Maple Miller Plaza (as it’s called, though it has no sign and no frontage on Miller) has been the site of interesting, if not always long-lived, food experiments, like the Mercado Sabor Latino. It will now be revitalized with two new food stops, both of which hope to be in full swing by early next year.

Several years ago, personal trainer Susan Todoroff began catering and delivering healthy prepared food (you can buy her salads at Vie Fitness). Recently her Juicy Kitchen has been operating out of a commercial kitchen hidden on the backside of Maple Miller Plaza. That made Todoroff one of the first to know about the vacancy left by Maple Gardens, and she snapped it up. “There are whole neighborhoods out here,” she says, gesturing west and north, “and a real lack of places where you can get a healthy breakfast and a good cup of coffee.” She hopes to have her cafe open by the first of the year, serving Mighty Good coffee, breakfast sliders, and quinoa bowls.

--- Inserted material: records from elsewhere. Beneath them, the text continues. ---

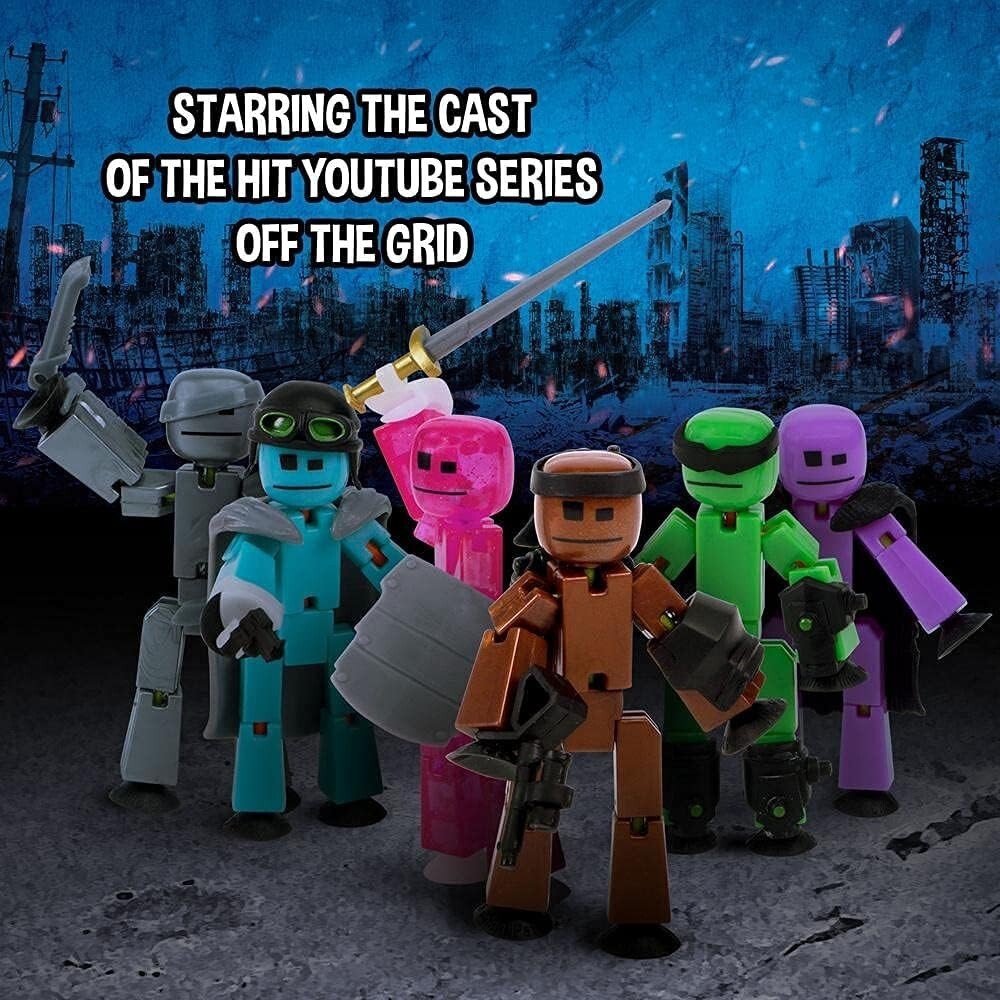 Collectable Off The Grid 6 Pack - Poseable Figures with Stop Motion Accessories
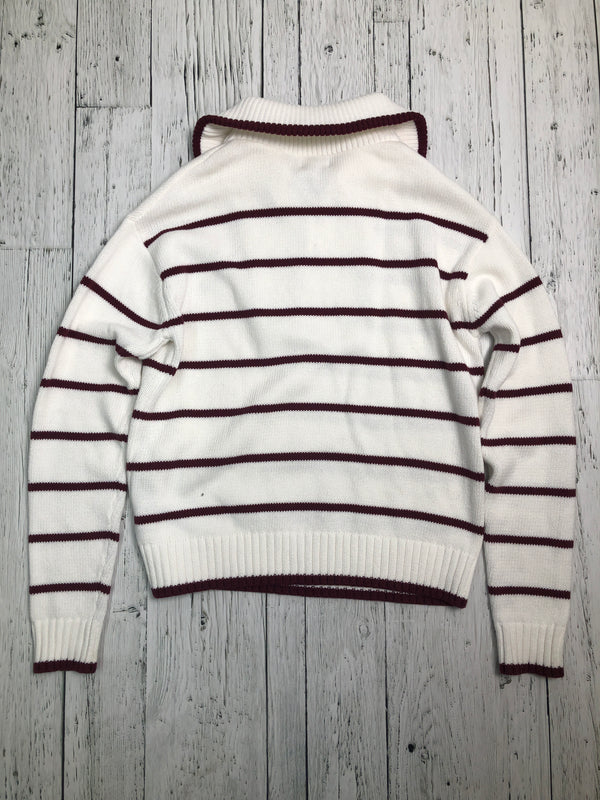 United Colors of Benetton. white burgundy striped sweater - Hers S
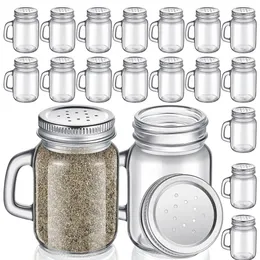 Organização de armazenamento de cozinha 4oz vidro sal e pimenta shakers claro mason jar mini para com tampa de metal alças mesa 230915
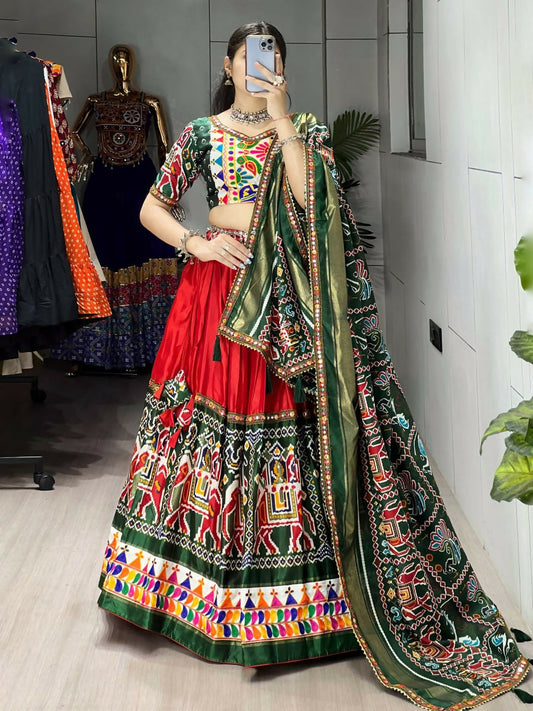 Yash Enterprise Multicolor Dhola Silk Embroidery Semi Stitched Navratri Chaniya Choli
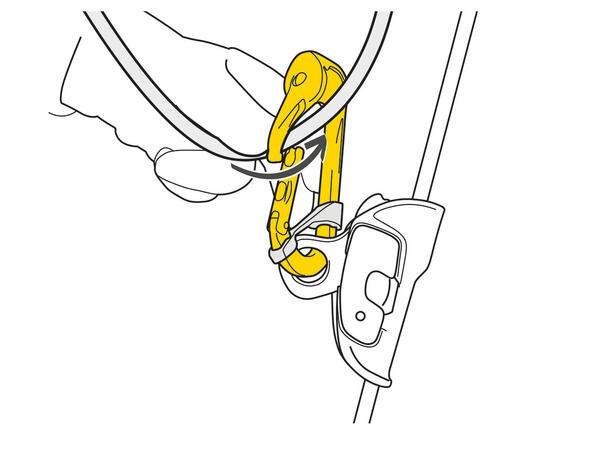 PETZL P74L Rollclip A Karabinkrok 20kN, Gul, aluminium, Non locking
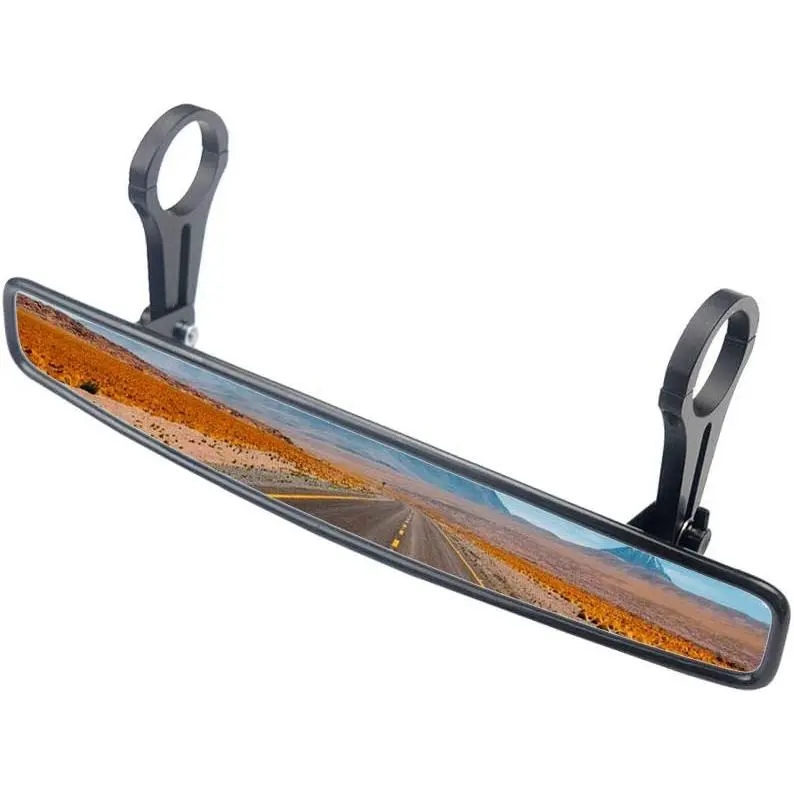 15 in Convex Rear View Mirror for UTV with 1.75 in Clamp, 2 x Mounting Brackets, Convex Shape Design for Driving on Rough Roads, Replacement for Polaris RZR Ranger 800 XP 1000 Turb Rhino YXZ Arctic Cat Wildcat HDX Pioneer 1000 Kawasaki Mule 600 Gator HPX,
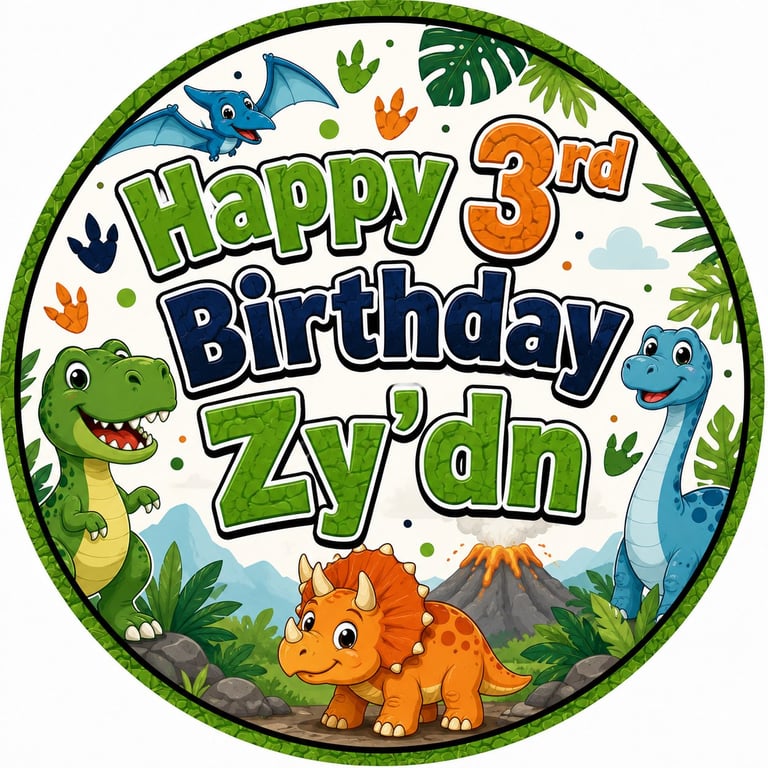 Happy 3rd Birthday Zydn circular badge with dinosaurs, volcano, and jungle theme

Meanwhile, Susan Thomas and Khaled Houamed are planning to open El Harissa Market Cafe, a Tunisian cafe, deli, and market, a few doors down in the former Mercado Sabor Latino. The couple, who met in London twenty-five years ago when Khaled was a PhD student, hope to have part of the market open sometime in December. In January they’ll be taking over the commercial kitchen when Todoroff vacates it, and they hope to be selling their own food by February. Like what? “Well,” says Thomas, the cook in the family (a Londoner, she says her grandmother cooked “in the big houses, as in Upstairs Downstairs”), “there’s a wonderful sandwich called fricasse–fried bread filled with tuna, potatoes, and harissa,” the North African spicy chili paste. “She’s an amazing couscous-maker,” says Khaled. He adds, “we’ll be educating the community about the Berber culture, and helping the traditional farmers and producers in North Africa to achieve a good living.” They hope to import free-trade olive oil from Tunisia. “People in Ann Arbor will pay $20 for a bottle of olive oil, and they need to know that sometimes the farmer is only making a few cents.”

The little wedge of land between the West Stadium post office and Boulevard Plaza (Arbor Farms/Barnes Ace Hardware) was suddenly full of bulldozers and stacks of concrete block this fall. It’s being turned into a Fiat dealership–“a studio, it’s called. Six cars in the showroom and six sales consultants. All service will be done across the street [at Suburban Chrysler Jeep],” says Ron MacEachern, general manager of both dealerships.

MacEachern explains that when Troy-based Suburban Collection bought the Chrysler Jeep dealership over the summer, the large company with about thirty dealerships across Michigan (including Chevy and Buick dealers on Jackson Road) also had a franchise for a Fiat dealership–one of only three Chrysler doled out in Michigan. And the clock was ticking–the franchise had to open by the end of the year. Originally, Suburban had planned to put it in Novi, but “the demographics in Ann Arbor were much more in line with the Fiat brand. The Ann Arbor community is open to European styling and conscientious about fuel economy,” he says.

So Suburban hurriedly bought the lot across the street, and began knocking down the former gas station on the spot, which most recently was used as a detail center for the dealership’s used cars.

Another dealership poised to open by the end of the year is Mack Johnson’s MINI dealership on Jackson. “We are ninety percent done. I’m working hard to get open before the end of the year,” he emails.

More bulldozers are at work on Ellsworth, just east of State, on the site of what was once Great Lakes Steakhouse and, more recently, Enzo’s Sports Bar. A Choice Quick Lube mechanic next door confirmed that a long-promised Tim Horton’s is finally materializing (though another has opened up the road at Ann Arbor Gateway). Tim Horton’s corporate didn’t return calls and emails.